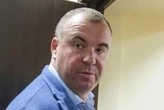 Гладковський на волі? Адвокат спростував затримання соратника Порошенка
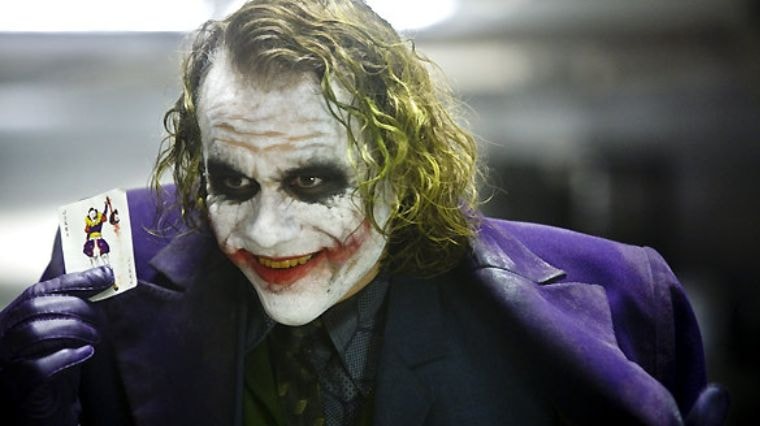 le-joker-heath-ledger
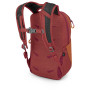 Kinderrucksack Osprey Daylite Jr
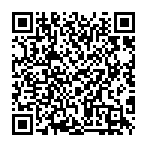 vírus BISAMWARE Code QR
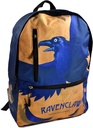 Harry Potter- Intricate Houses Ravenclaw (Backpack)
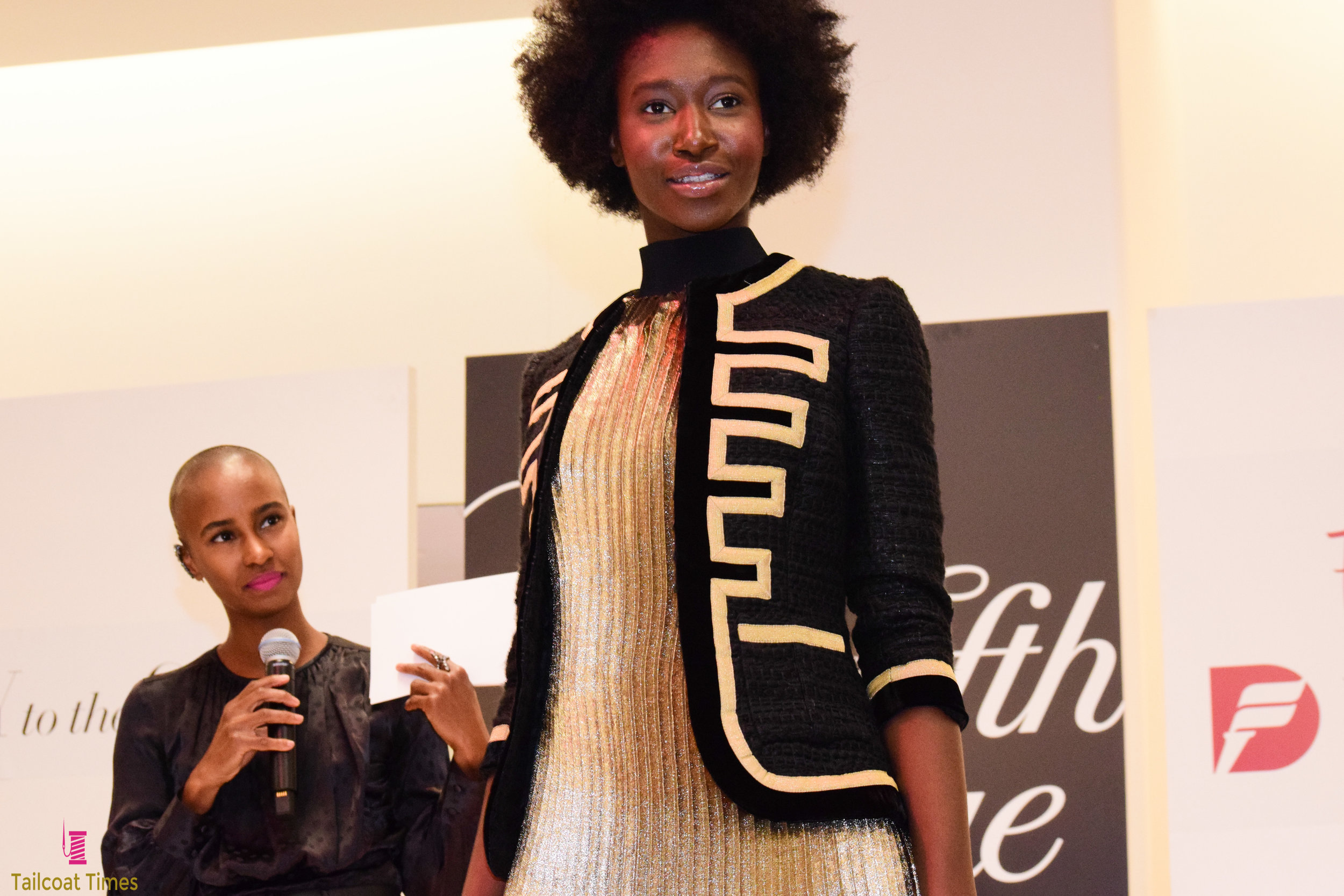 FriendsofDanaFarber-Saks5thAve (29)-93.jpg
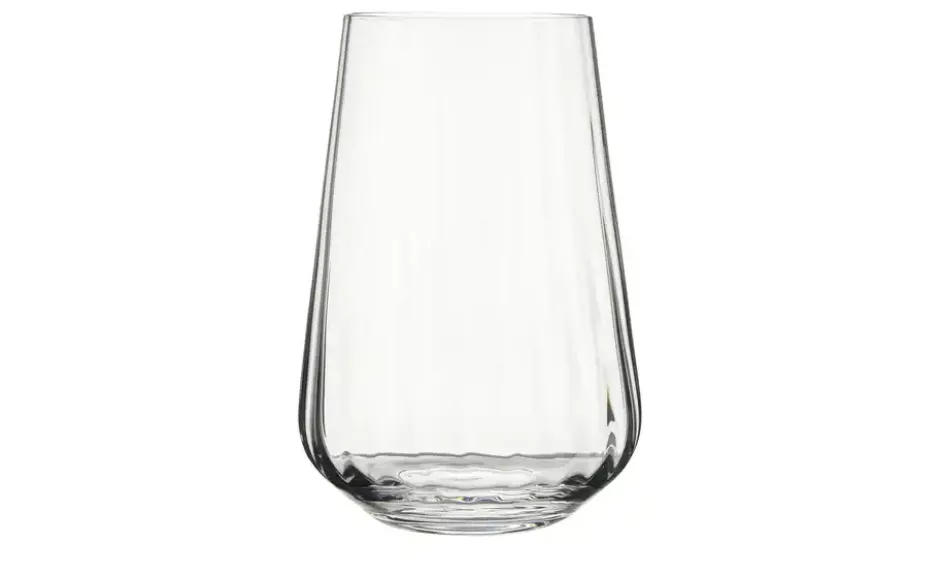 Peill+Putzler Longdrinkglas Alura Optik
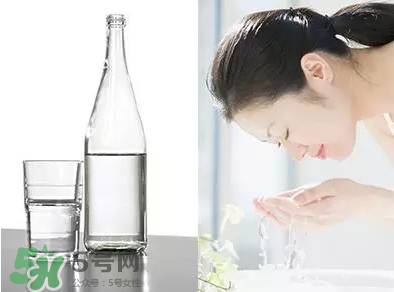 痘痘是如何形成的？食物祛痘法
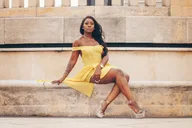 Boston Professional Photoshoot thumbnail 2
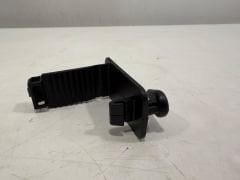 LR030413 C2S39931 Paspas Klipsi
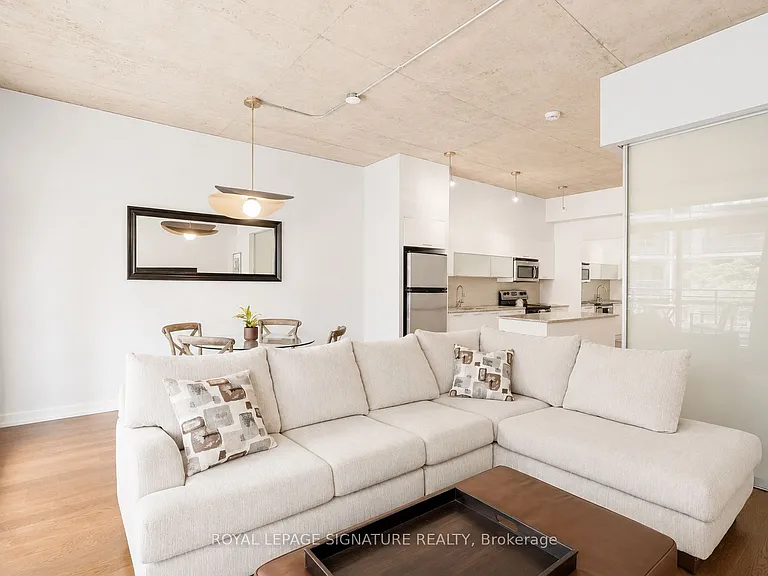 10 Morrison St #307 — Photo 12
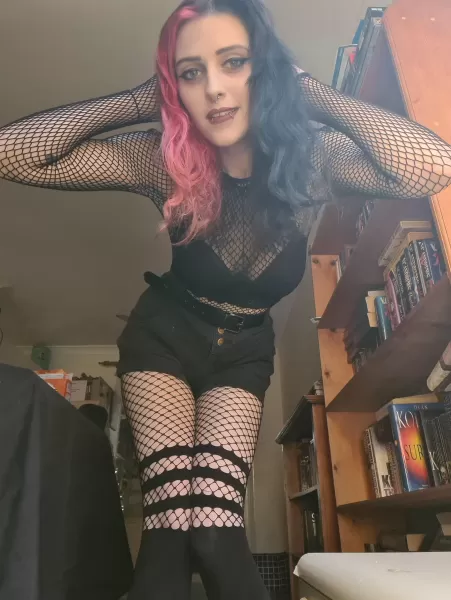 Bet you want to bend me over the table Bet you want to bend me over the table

-------------------------

What is needed is an exact copy of every line from the one with "vírus BISAMWARE Code QR" to the end of the listing above, with the pictures left out.

 vírus BISAMWARE Code QR
 Harry Potter- Intricate Houses Ravenclaw (Backpack)
 FriendsofDanaFarber-Saks5thAve (29)-93.jpg
 Peill+Putzler Longdrinkglas Alura Optik
 痘痘是如何形成的？食物祛痘法
 Boston Professional Photoshoot thumbnail 2
 LR030413 C2S39931 Paspas Klipsi
 10 Morrison St #307 — Photo 12
 Bet you want to bend me over the table Bet you want to bend me over the table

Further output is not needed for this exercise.